Each week in “Love Apptually,” Daily Bruin staffers Nico Correia and Natalie Green will take turns attempting to find love in all of the wrong places: dating applications. To help thousands of loveless students, but mostly themselves, Correia and Green will test run and rate five dating apps over the course of one quarter.

At one point in my sophomore year, I considered myself an unofficial groupie of UCLA a cappella, which I’ve convinced myself is marginally nerdier than it is sad.

Maybe I’m drawn to them because of extreme jealousy that my singing voice resembles a mutant of the voices of Sanjaya Malakar and Kanye West sans Auto-Tune. Perhaps I’m trying to live a vicarious “Pitch Perfect” collegiate experience through others.

Possibly it’s lingering resentment over my failed middle school music career, which consisted of my mom signing me up for the school band to play the bass clarinet, an instrument that resembles a giant, erect phallus. If she was trying to get me bullied, she miraculously didn’t succeed. The reason I ended up quitting the same year I joined had nothing to do with harassment by peers and everything to do with my inability to wake up early to go to band practice.

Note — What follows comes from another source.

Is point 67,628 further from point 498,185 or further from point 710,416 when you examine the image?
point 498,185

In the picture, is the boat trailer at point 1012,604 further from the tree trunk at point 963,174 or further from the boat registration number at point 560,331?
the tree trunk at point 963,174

Whatever it is, my attempts to entice the a cappella world have gone about as well as Penny Lane’s attempts to land a member of Stillwater.

Tinder has served as a major component of my “Almost Famous” act. It’s on that app that I’ve talked to Bruin Harmony and Deviant Voices A Capella members alike and later complained about their loss to my roommate Megann. At this point, she just buys me cheese fries from Fat Sal’s instead of giving me a pep talk.

I decided I needed a change from the usual musical blues I catch on Tinder and made a Bumble account hoping for fresh faces or at least the chance to develop dating problems with a new extracurricular group.

Bumble, the feminist answer to Tinder where only women can message men first, sounds great in theory yet in practice is just soul deadening in different ways.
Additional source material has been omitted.